■ **What to do**
What you write should match, word for word, the lines from the one containing "STEM Family Night Bingo Card" through the end of the data, with no pictures.

■ **Records for this exercise**
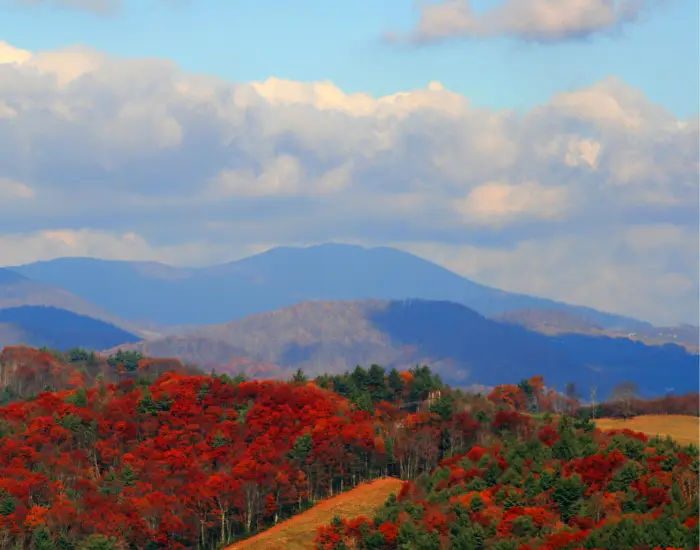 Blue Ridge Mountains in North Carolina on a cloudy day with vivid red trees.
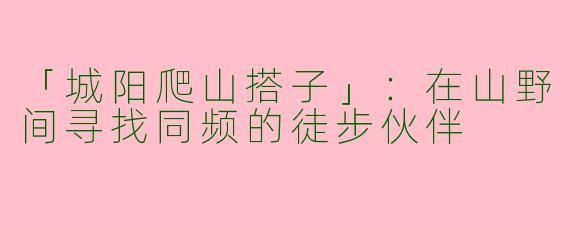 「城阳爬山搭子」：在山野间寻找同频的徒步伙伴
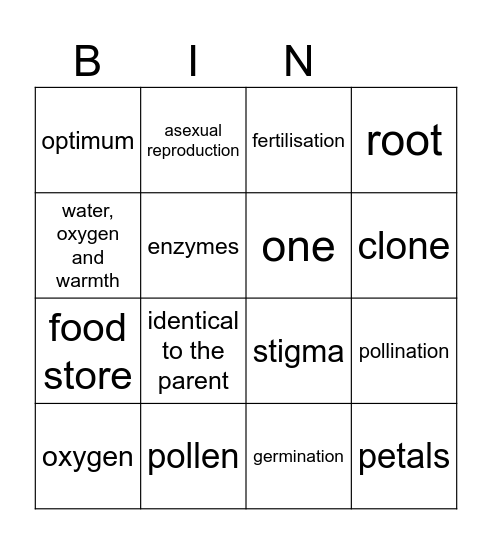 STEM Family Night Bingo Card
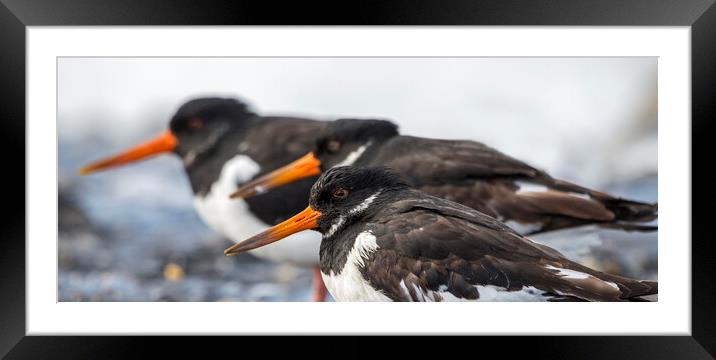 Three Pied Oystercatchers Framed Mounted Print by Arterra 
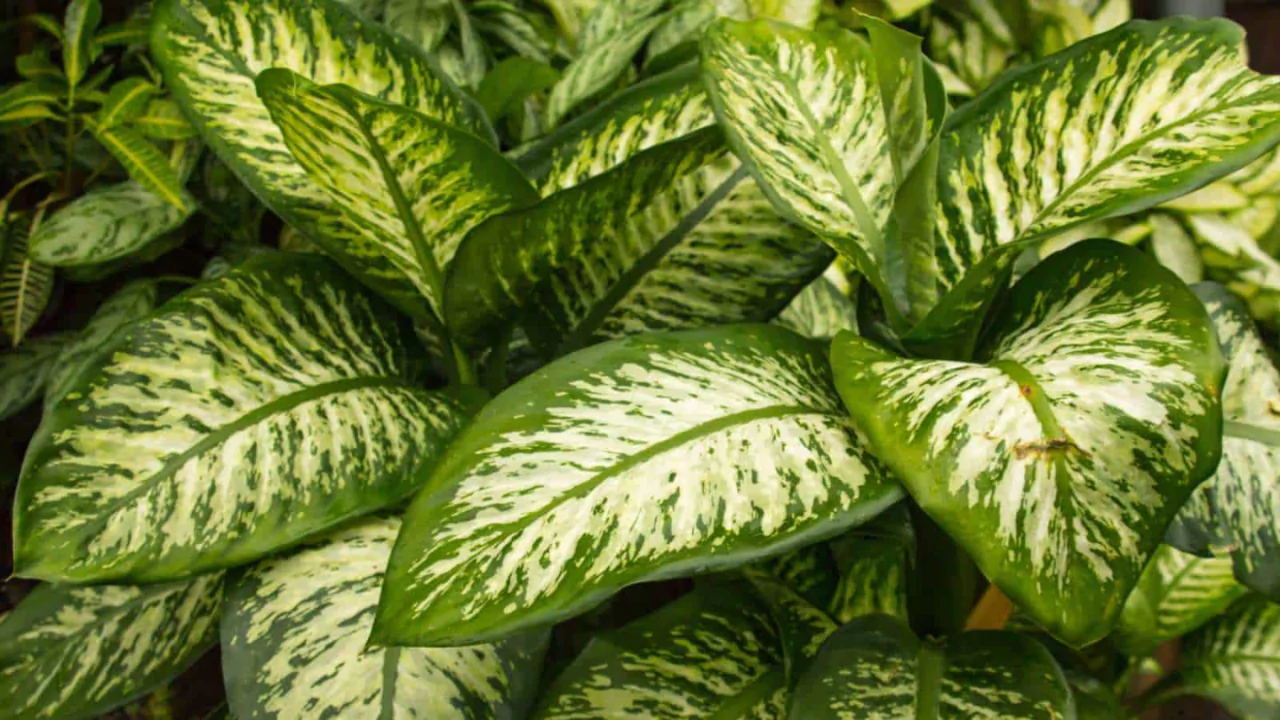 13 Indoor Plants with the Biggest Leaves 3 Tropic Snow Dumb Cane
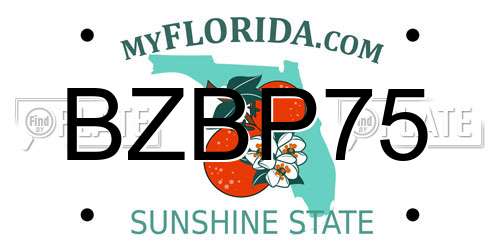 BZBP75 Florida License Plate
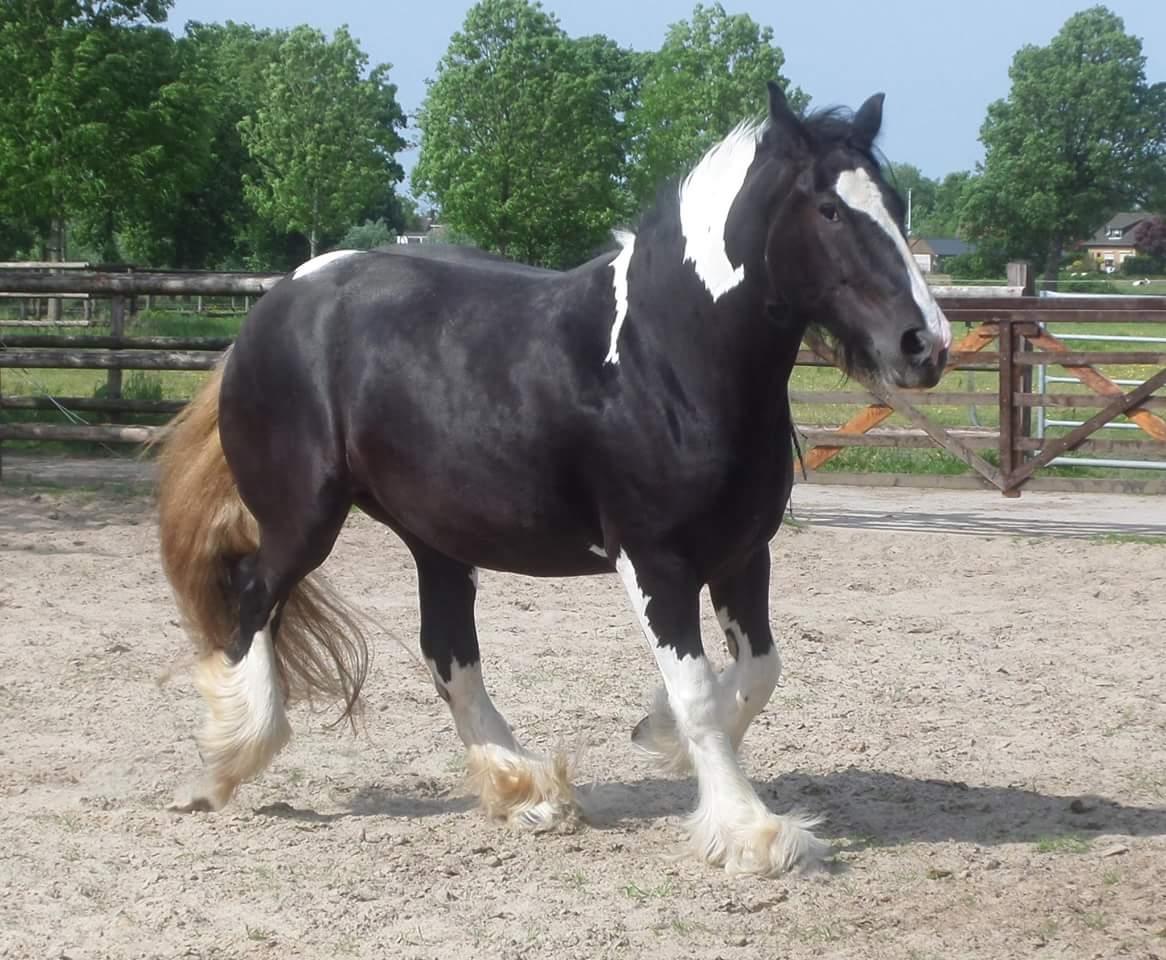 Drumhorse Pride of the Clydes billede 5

■ **Answer below**
 STEM Family Night Bingo Card
 Three Pied Oystercatchers Framed Mounted Print by Arterra 
 13 Indoor Plants with the Biggest Leaves 3 Tropic Snow Dumb Cane
 BZBP75 Florida License Plate
 Drumhorse Pride of the Clydes billede 5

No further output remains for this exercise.